Introduction
Introduction to basic concepts and terms in CAT. If you are new to CAT, read carefully.
What is CAT About
If you end up here, we expect you have some data and you want to trust them. CAT is about turning your assumptions about data into confidence - you will not assume the data is correct, you will know it is. Or you will exactly know what is wrong. You achieve that very simply by creating very simple automated tests.
This page summarizes basic terms and concepts used in CAT.
Data Source
Every company has lots of data. Very often, the data are in various formats:
The data are often “travelling” through the company systems, e.g., they are created in a CRM system, loaded into DWH and from DWH to Power BI wokspace for reporting. It is a best practice to have automated tests, that give you enough confidence that all data are trustworthy.
A Data Source in CAT is a definition of where the data is and how to connect to them. You give them a friendly name (such as CRM, DWH, Power BI, …). This friendly name is then used in your tests, where you define your expectation about the data in the system. This way you dont’ have to repeat all connection information in every test - you just specify, that your test examines data in e.g., DWH.
Example of a Data Source:
Data Sources:
- Provider: SqlServer@1
Connection string: data source=localhost;integrated security=true;initial catalog=DWH
Name: DWH
The example is in YAML, but you can have them defined also in a relational database table, in MS Excel file, …
For details, see Data Source.
Test Definition
A Test Definition describes your expectations about the data. E.g., you expect that a SQL statement issued against your CRM system (MySQL) returns exactly the same data as another SQL statement issued against your DWH (SQL Server). Or that none of your tables in a Power BI model is empty.
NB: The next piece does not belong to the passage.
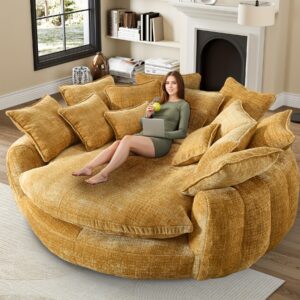 cd923511-4211-4ccc-b8c1-25d437e4bdbc.jpg 81.1" W Oversized Round Chaise Lounge, Fluffy Lazy Bean Bag Sofa With 14 Pillows, Comfy Chenille Upholstered Barrel Sleeper Bed, Modern Deep Seat Cloud Couch For Living Room Apartment
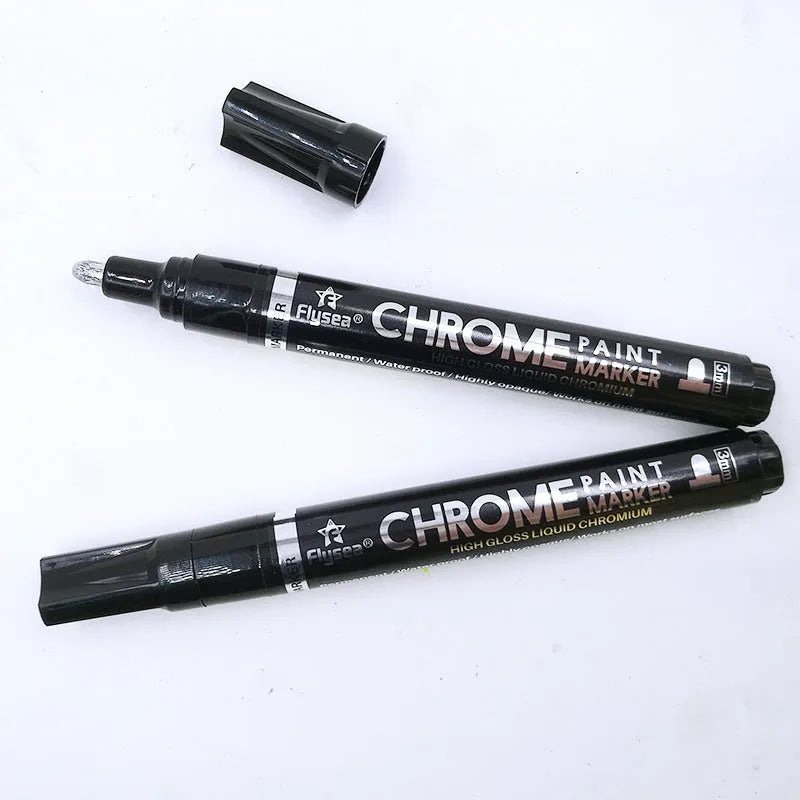 Silver mirror pen with 3.0mm reflective paint tip for writing on glass, metal, plastic, and wood surfaces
Example of a simple smoke test:
Tests:
- Test Suite: Smoke tests
Test Name: Dimension.Customer has data
Data Source: DWH
Query: SELECT * FROM Dimension.Customer
Expectation: set is not empty
And again - you can define your tests wherever you want - in YAML (as in the example), in MS Excel, in a relational database table.
For details, see Test Definition.
Provider
As mentioned, in CAT you crated named Data Sources - they tell to CAT where your data is. But that does not mean, that CAT can connect to any data source. CAT has predefined set of providers - they define to what types of data is CAT able to connect, such as MS SQL Server, ORACLE, PostgreSQL, MS Excel, CSV, Power BI, …
Note that in the data source definition the provider (and version) must be specified:
Data Sources:
- Provider: SqlServer@1 # without this line CAT wouldn't know HOW to connect (what drivers to use)
Connection string: data source=localhost;integrated security=true;initial catalog=DWH
Name: DWH
For details, see Providers
Expectation
In an Excpectation you express, what you expect from the dataset(s) returned by a query (or queries) you defined in a Test Definition.
CAT comes with predefined set of expectations, such as SetIsEmpty, SetRowCount or SetsMatch.
For details about Expectations, see Expectations.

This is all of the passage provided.